* Task directions *
In the material below, find the line that contains "Usata Mercedes A180" and the line that contains "Roquelino (con gorra)", then write out exactly those two lines and everything between them.

* Records for the task *
------------------------------------------------------------------------

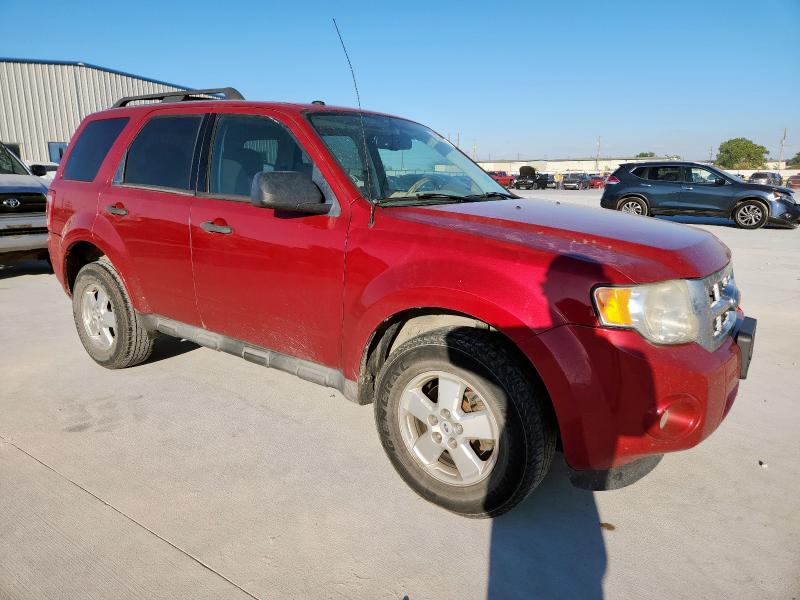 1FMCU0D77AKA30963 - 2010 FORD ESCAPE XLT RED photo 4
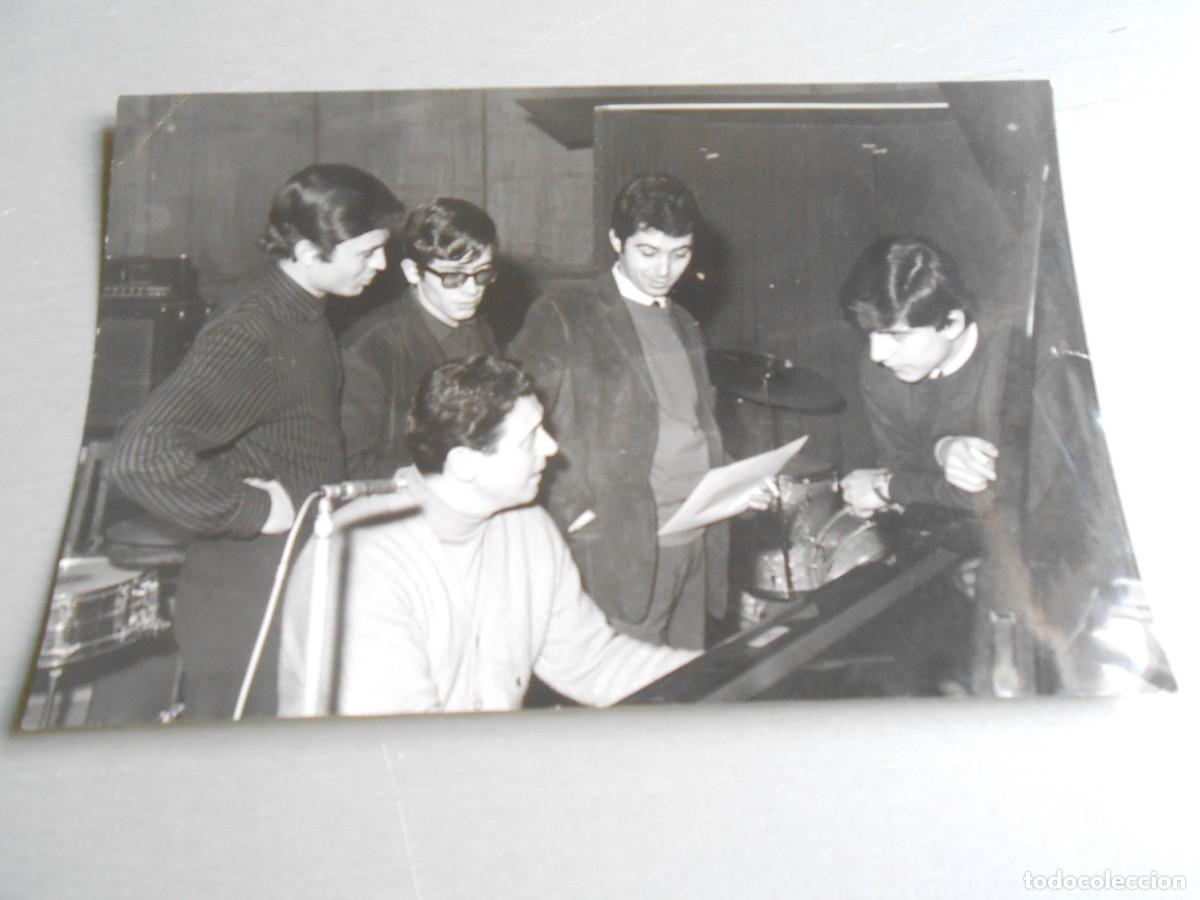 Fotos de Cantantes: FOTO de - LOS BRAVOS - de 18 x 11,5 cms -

------------------------------------------------------------------------

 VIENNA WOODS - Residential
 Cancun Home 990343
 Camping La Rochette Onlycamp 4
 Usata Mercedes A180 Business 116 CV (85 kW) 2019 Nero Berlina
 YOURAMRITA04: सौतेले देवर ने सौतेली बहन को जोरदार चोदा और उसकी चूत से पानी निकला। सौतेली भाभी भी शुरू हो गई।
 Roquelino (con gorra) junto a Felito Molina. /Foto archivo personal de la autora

------------------------------------------------------------------------

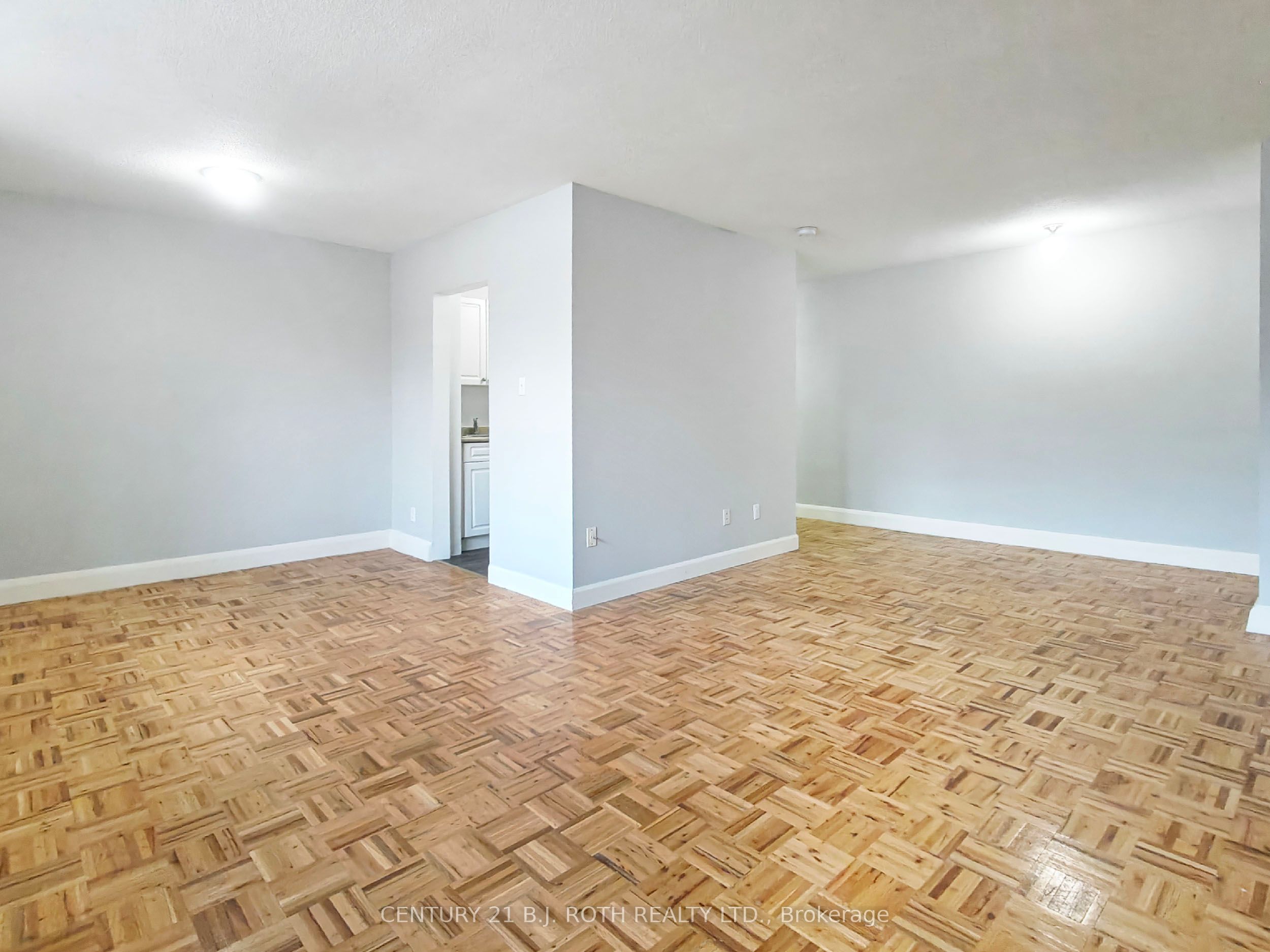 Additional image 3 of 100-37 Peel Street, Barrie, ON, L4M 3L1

------------------------------------------------------------------------

* Answer space *
 Usata Mercedes A180 Business 116 CV (85 kW) 2019 Nero Berlina
 YOURAMRITA04: सौतेले देवर ने सौतेली बहन को जोरदार चोदा और उसकी चूत से पानी निकला। सौतेली भाभी भी शुरू हो गई।
 Roquelino (con gorra) junto a Felito Molina. /Foto archivo personal de la autora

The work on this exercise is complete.